Blackhand gorge is located in Heath, Ohio NW of Zanesville and East of Newark off of Toboso Rd SE. Coming in from the I-70 side I found that I had to travel a lot of windy roads to get there. When I left I went north to I-16 and it was a lot easier.
There’s several Trails to choose from when visiting the area and I choose to hike the Quarry Rim Trail and the Canal Lock Trail. Since this was my first visit I planned to explore some of the area and scout for locations to put my kayak in the Licking River in the near future.
Arriving in the parking lot I found that it was well taken care of with plenty of room for parking. Depending on what trail your hiking there are a couple other gravel/dirt parking lots located on the other side of the road and across the bridge.
Grabbing by backpack and camera I headed out for the Quarry Rim Trail head. All of the trail is paved at this point and well maintained heading west for approximately 4.26 miles it looks like a good cycling trail, I’m going to have to come back to follow it through.
Sadly, when I arrived at the trail head for the Rim Trail it was closed down. I did some investigating before I left and didn’t see any indications that it was closed at any point from any of the websites I had visited. I really wanted to check this section out too, saving this one for my return visit.
Heading back to the parking lot I saw a few areas that went off the main trail and led down to the Licking River. Following one down to the rivers edge I so had the urge to just jump in. I saw several people swimming and with the heat this day I know why.
Once I arrived back to the parking lot I hiked Toboso Rd. north just a short distance over the bridge to find the trail head for the Canal Trail and dipped into the woods.
After a short distance the trail split to the left and I could see a small wire railing with a plaque so I decided to explore.

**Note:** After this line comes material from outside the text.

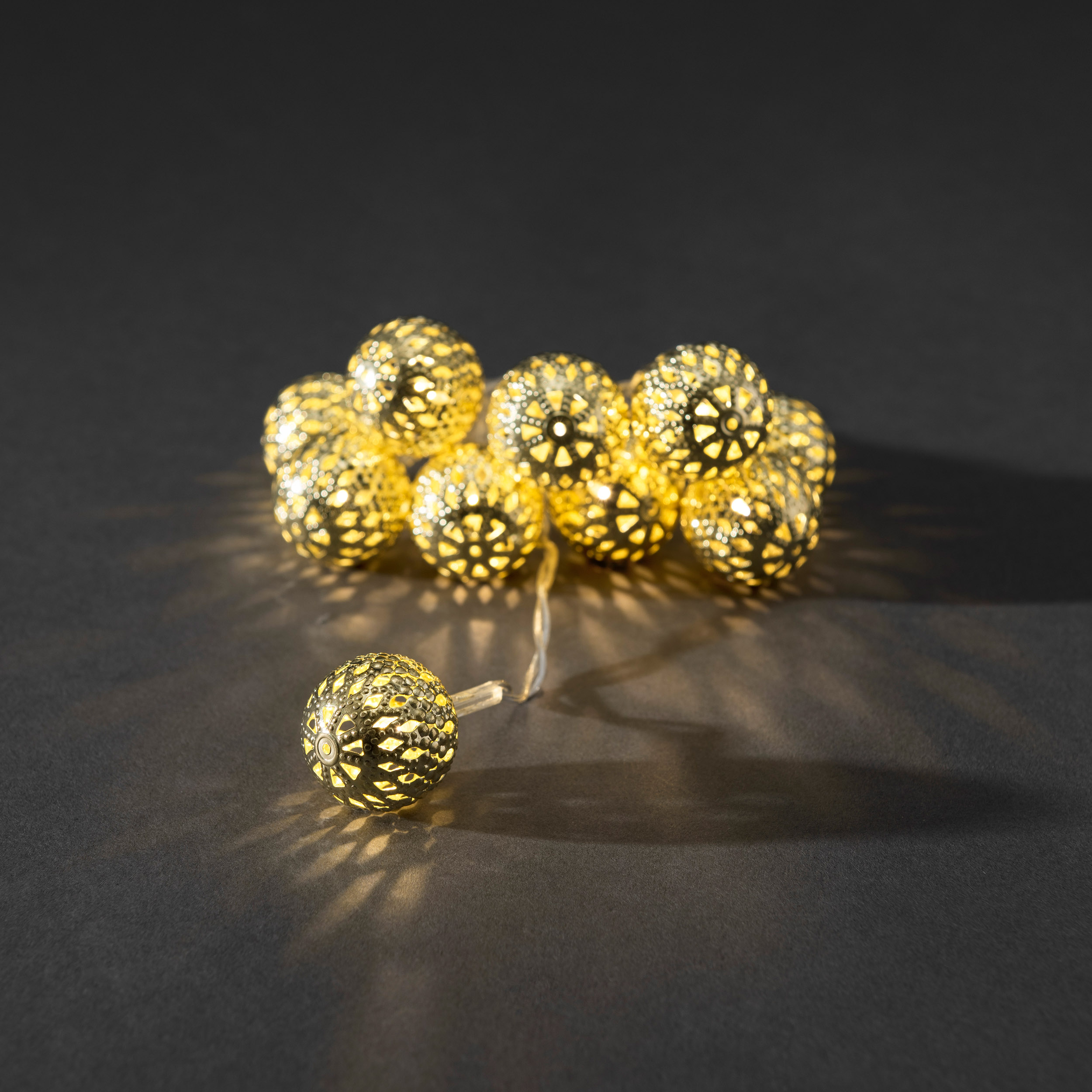 Decorative LED light set with gold-coloured metal beads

I love when I turn a corner or break through some vegetation to find something I have never seen. These are what I call the gifts along the way, places filled with history. I try to imagine what it was like for those that lived, worked and explored in these areas. Standing in the Locks where barges used to be pulled along was pretty cool.
Venturing further up the trail I came to the old electric train tunnel that was completed in 1903 and ran until 1929. This was part of the Interurban rail network that allowed residents of Zanesville to travel to Newark and Granville, then on to Columbus.
Hiking back down the trail I spied several people enjoying the solitude of the Licking River by kayak. Watching them paddle slowly downstream I knew this was an adventure I would start planning as soon as I got home.